→ **Task statement**
Output the whole listing below exactly, omitting the images.

→ **Information provided**

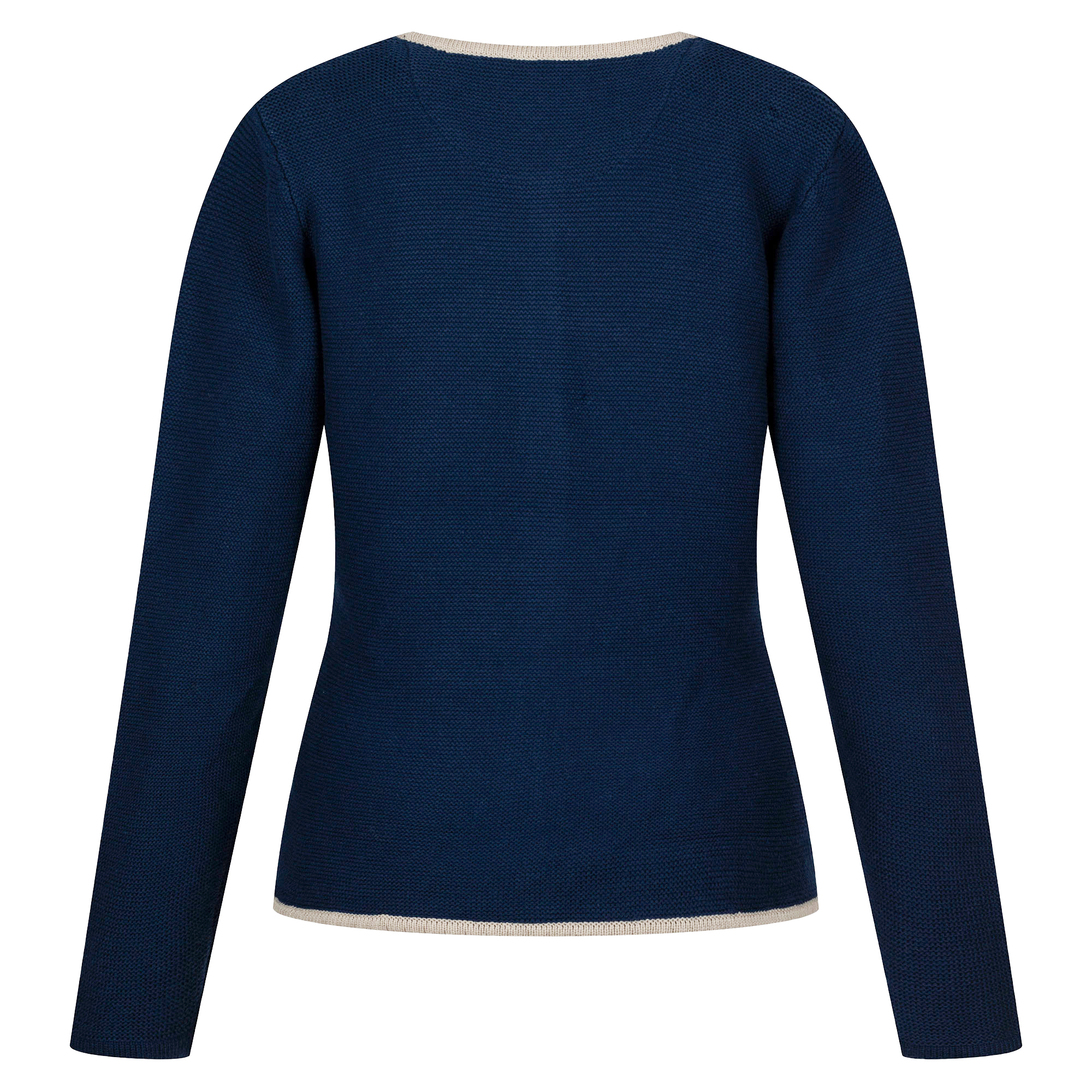 Hinteransicht der Damen Strickjacke "Hirsch" in der Farbe Navy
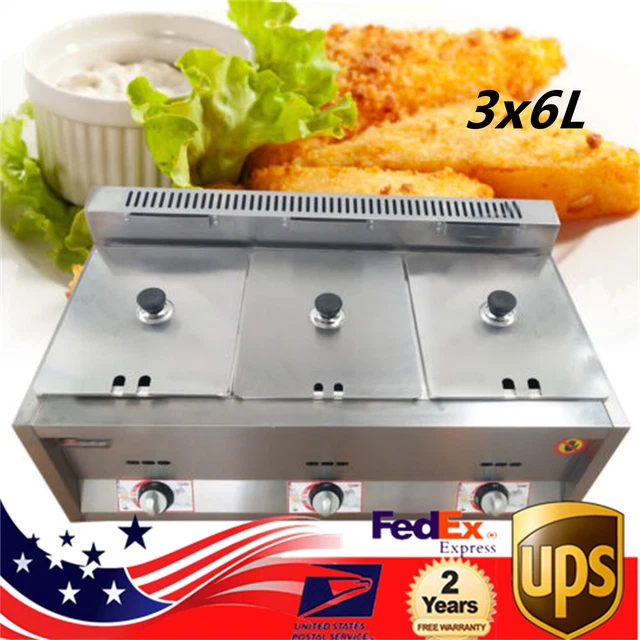18L COMMERCIAL PROPANE Deep Fryer Countertop Gas Fryer 3 Pan LPG/NG Gas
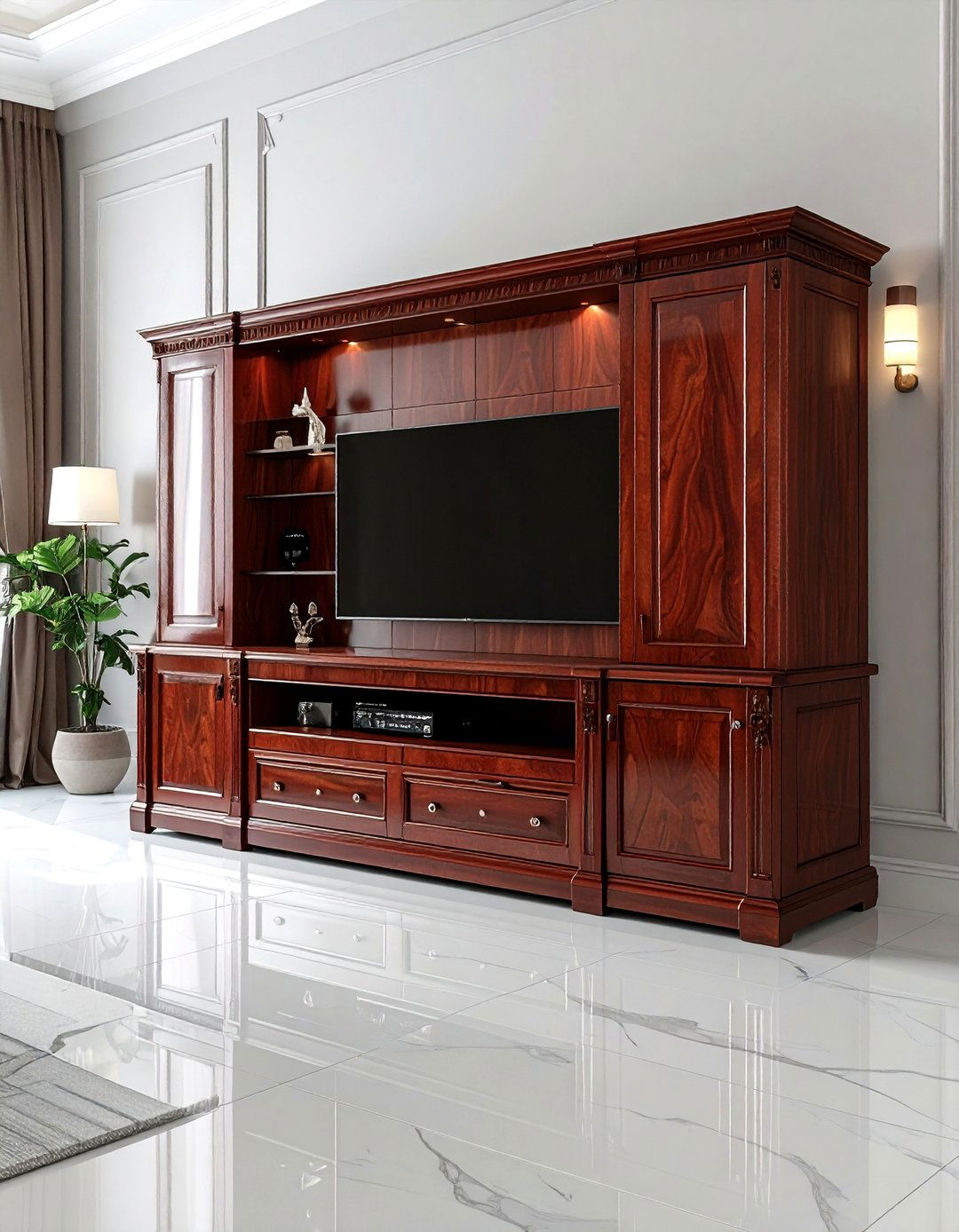 TV Armoire Cabinet - 30 bedroom cabinet storage ideas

→ **Task output**
 Hinteransicht der Damen Strickjacke "Hirsch" in der Farbe Navy
18L COMMERCIAL PROPANE Deep Fryer Countertop Gas Fryer 3 Pan LPG/NG Gas
 TV Armoire Cabinet - 30 bedroom cabinet storage ideas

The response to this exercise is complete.